As time goes on, things will fall into place. You truly are going through an overwhelming "thing" right now, but you have to go through it to come out the other side.

comment by shesaidwhat on July 14, 2008 12:16 PM ()
First -- "That’s right…my kids play with garbage."--
Second -- I know you'll be back to the thread. Take your time. And, btw, I'm loving the new pictures you posted this morning.
Third -- That's super cool about your folks, and again, very unfortunate about Don's family. Un-funking-belivable... But where there's a will, there's a way, and I'm sure there has to be a loophole around this family nonsense so he can move to the great white north.
Fourth -- Post pics of the tatty!
Fifth --
comment by mellowdee on July 14, 2008 9:59 AM ()
I can beat you on the motel room...
A group of us got stuck in Bel Air Ohio several years ago..we found the only motel we could.
It was called the '7 INN'...
You have seen Psyco...right???...LOL....
We actually put the chair aginst the door cos we were afraid that we would be murderd in the middle of the night...it is a standing joke now about how we survived that night.
comment by sybilmariee on July 14, 2008 1:49 AM ()
Wow Janet, first of all I've missed you insanely and reading your post has left me with a lump in my throat. I'm neglecting my blog too and not for lack of events happening or emotions felt. Like you, I just don't want to talk about it. I'm glad you blogged even while not feeling like it. I'm thinking of you and the girls and I really miss having Don around too
comment by firststarisee on July 13, 2008 8:18 PM ()
I know what you mean about sometimes not having anything to relaly blog about even though you are so crazy busy. It almost seems like there is too much to share and the overload makes you not want to do it at all.
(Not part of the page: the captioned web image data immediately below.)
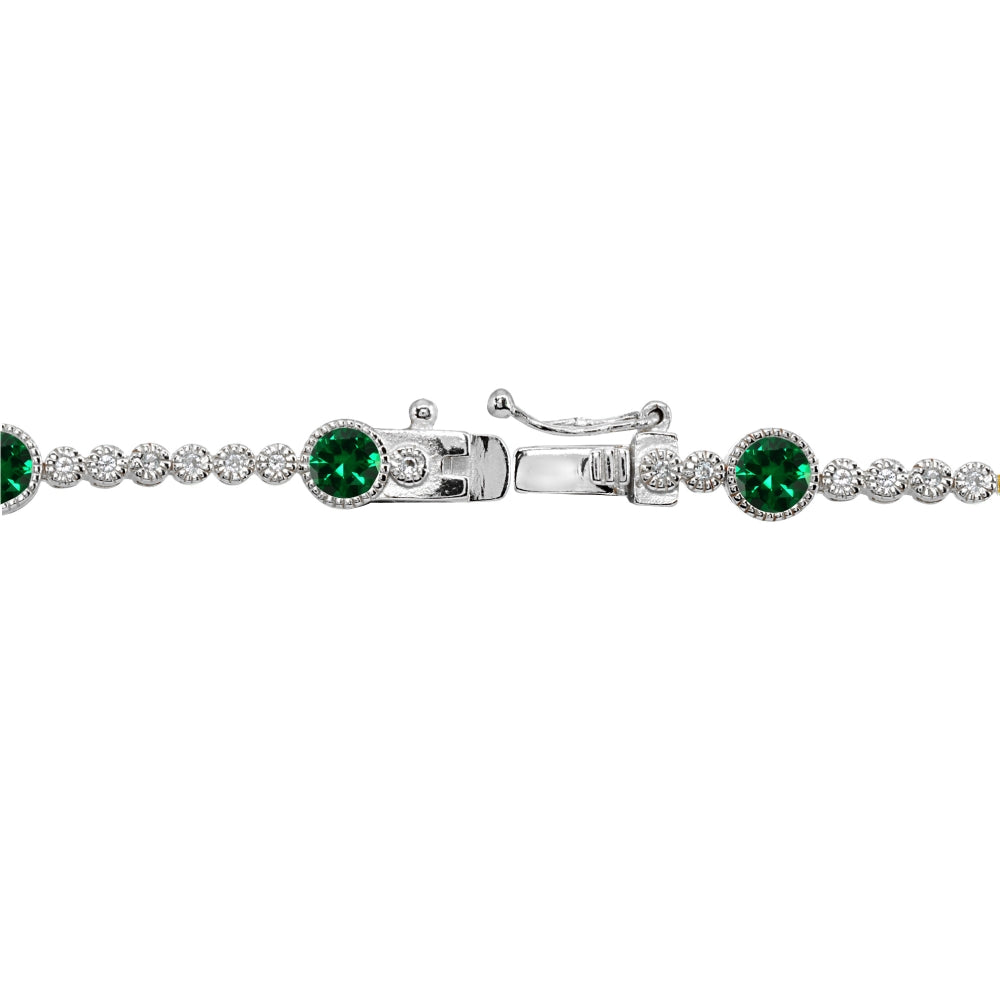 Sterling Silver Created Emerald & White Topaz Round Halo Tennis Bracelet-3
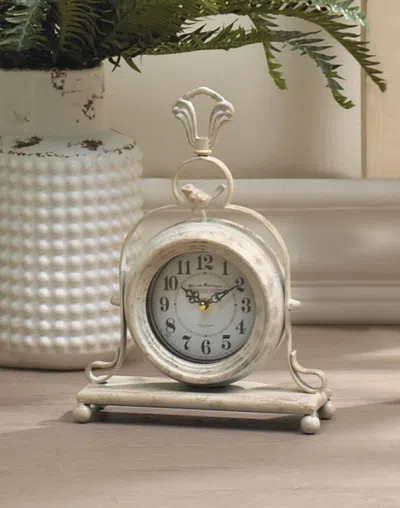Actifo Antique-style Table Clock With Bird - Light Beige In Neutral
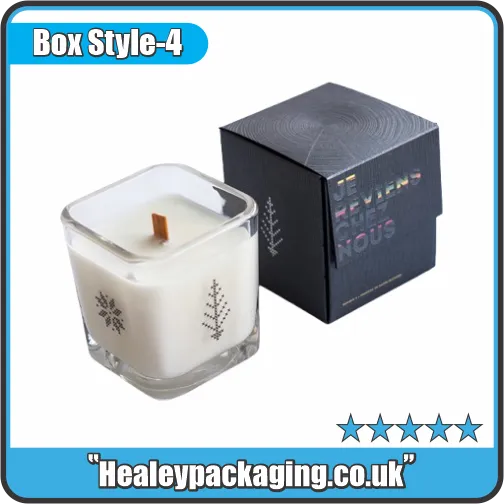 Luxury rigid 50cl candle box with holographic text and square glass candle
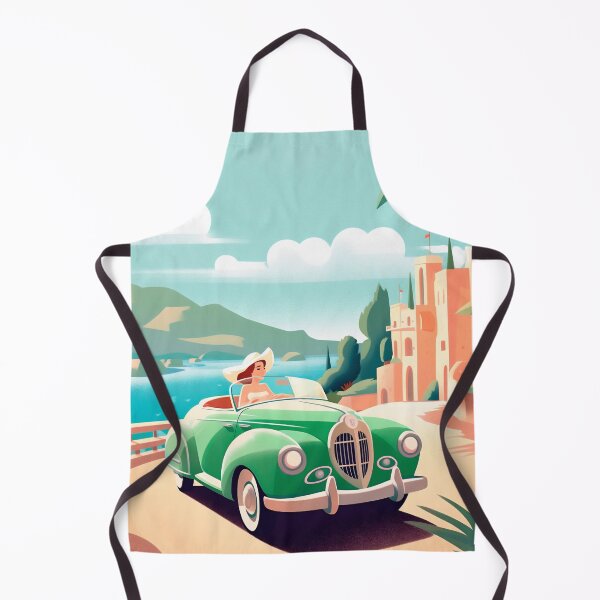 Artikelvorschau, Retro-Vintage-Illustration eines Mädchens in einem grünen Auto in Montecarlo entworfen und verkauft von GoldenTimesCafe.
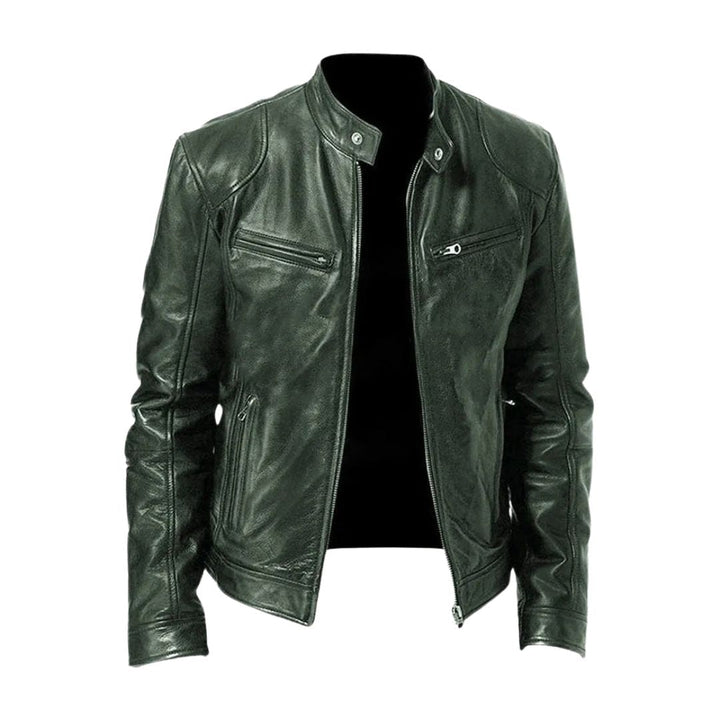 Dark green version of the stand-collar leather jacket, front view, open to show the zipper 4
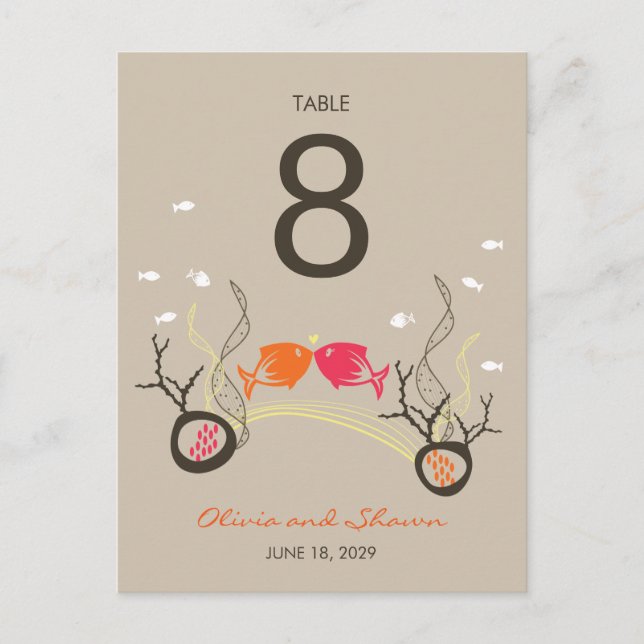 Postal Besando peces Corals Beach Whimsical Cute Boda (Anverso)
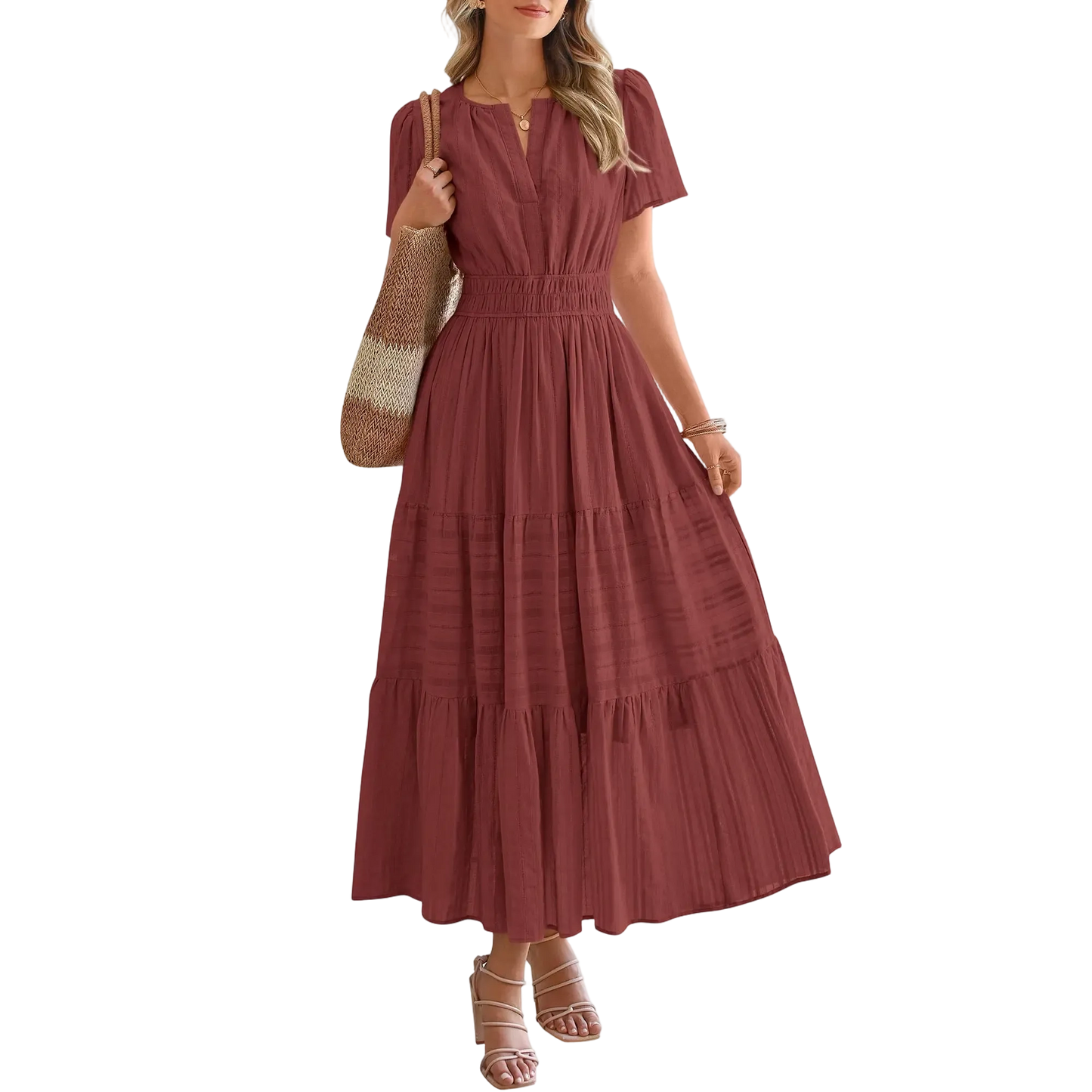 Women's Summer 2026 Casual Maxi Dress Lightweight Short Sleeve V Neck Boho Dress with Pockets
I am glad that things are basically going well, even with all the challenges. I was worried.
I am so sorry about your disappointment with the Coolata.
AJ
comment by lunarhunk on July 13, 2008 4:22 PM ()
*sigh* I am happy you finally wrote something! lots going on with you. I hate that his mom and sister hate you! what is wrong with them? good grief! I have not been up to blogging lately but that is a topic I cannot post on here due to 'who' reads my blog. Gawd I have missed you and your comments on my blog! take your time getting back into it, if thats what you need. I will still be here, waiting to hear from you.
comment by elkhound on July 13, 2008 3:40 PM ()
I know how you feel about having something to blog about. A year ago I tried to put up something new every day, and was constantly writing new posts in my head. But that was back when I trusted people and felt I could share my innermost thoughts on Blogster or MyBloggers and my friends would understand and love me anyway. Somewhere in the deterioration of Blogster and rude comments by various folks on both sites I stopped trusting and stopped sharing. Now I am more of an observer and often read what people post and move on without comment, and many of my bright ideas go unexpressed.